Saturday, October 20, 2007

Podcasts by prominent economists

I have been listening today to some sensational podcasts by economists from Bloomberg.com. Strongly recommended – fascinating introduction to the major ideas of economics particularly interesting to economists but economists as well.

The highlight for me was Ken Arrow on Hayek, on some amazing reminiscences, recent Nobel Prize Winners, global warming and Sir John Hicks. He strongly endorsed the recent Nobel Prize winners. Arrow was the 1972, Nobel Prize Winner.

A shorter piece by Paul Samuelson gave equally amazing reminiscences particularly on Hurwicz, relates mechanism design theory and game theory to global warming. He was the 1970, Nobel Prize Winner.

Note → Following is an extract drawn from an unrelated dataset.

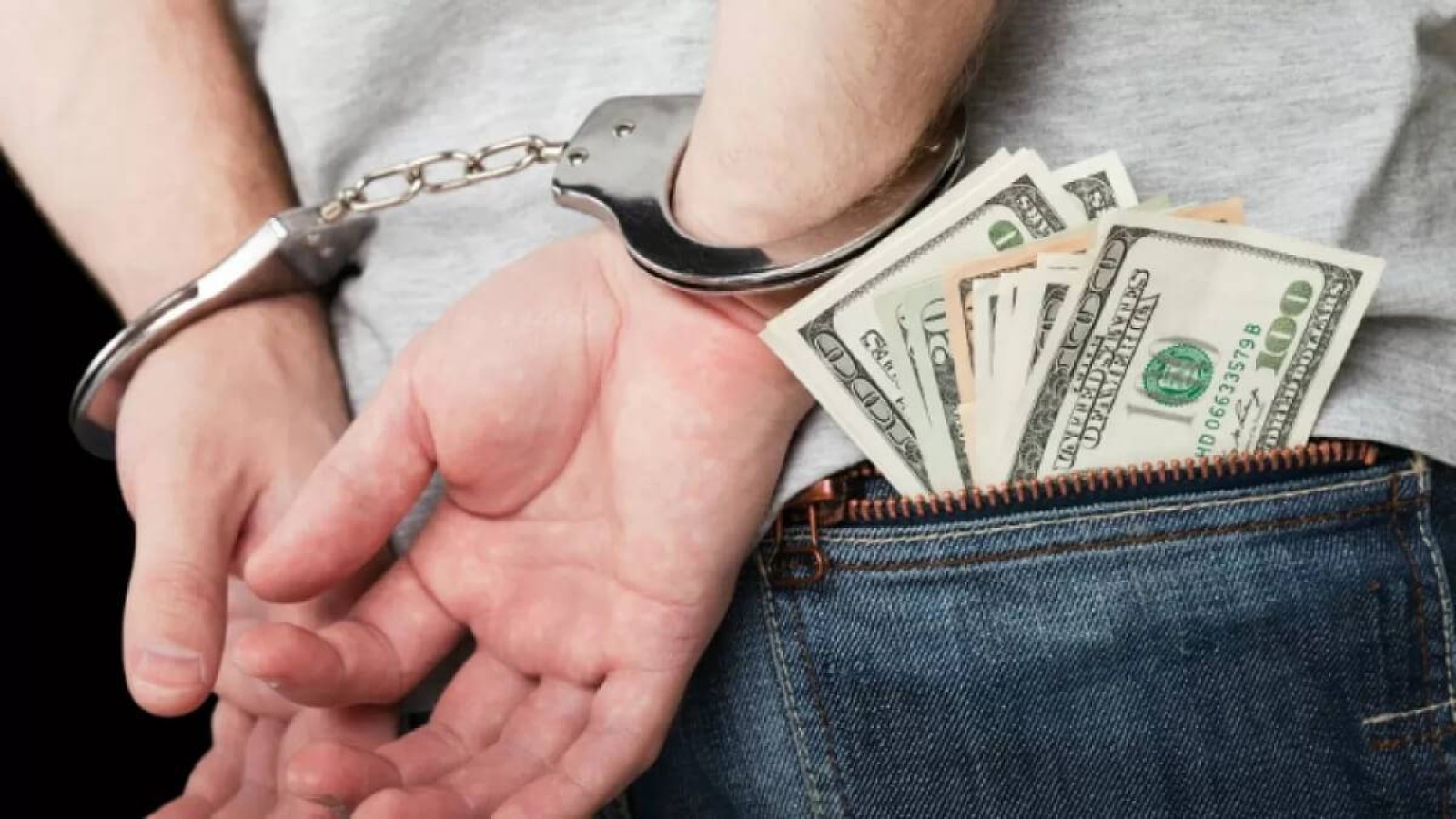 Жеке сот орындаушылары борышкерлерден өндірілген 1,1 млрд теңгені өзара бөлісіп алған.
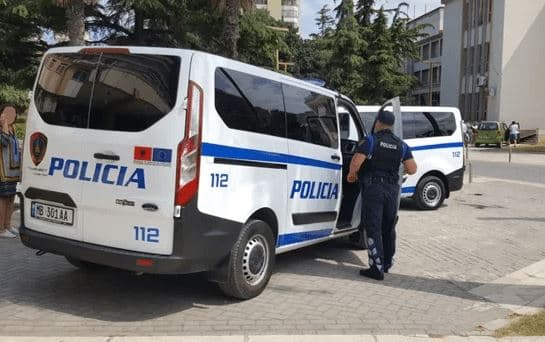 Merrte makina me qira nëpërmjet mashtrimit, arrestohet 26 vjeçari në Elbasan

Some whining liberal ideas from Paul Krugman who discusses his new book ‘The Conscience of a Liberal’, the modern liberal age and the role of radical, modern conservatism. Has strong views on Ronald Reagan and Richard Nixon – he seems these two as driving modern conservatism. Krugman accepts the proposition that the median household’s welfare has probably not improved in 30 years – that there are questions about this but no question about the dramatic increase in incomes among the very rich suggests the depths of achievement failure in the US.

Krugman strongly advances his well-known preferences for universal health insurance, higher taxes and bigger public spending in the US.

Drew Fudenberg from Harvard talks briefly about game theory and mechanism design but this was boring to me. He is modern specialised, inarticulate American economist.

If you have 30 minutes or so well worth a listen.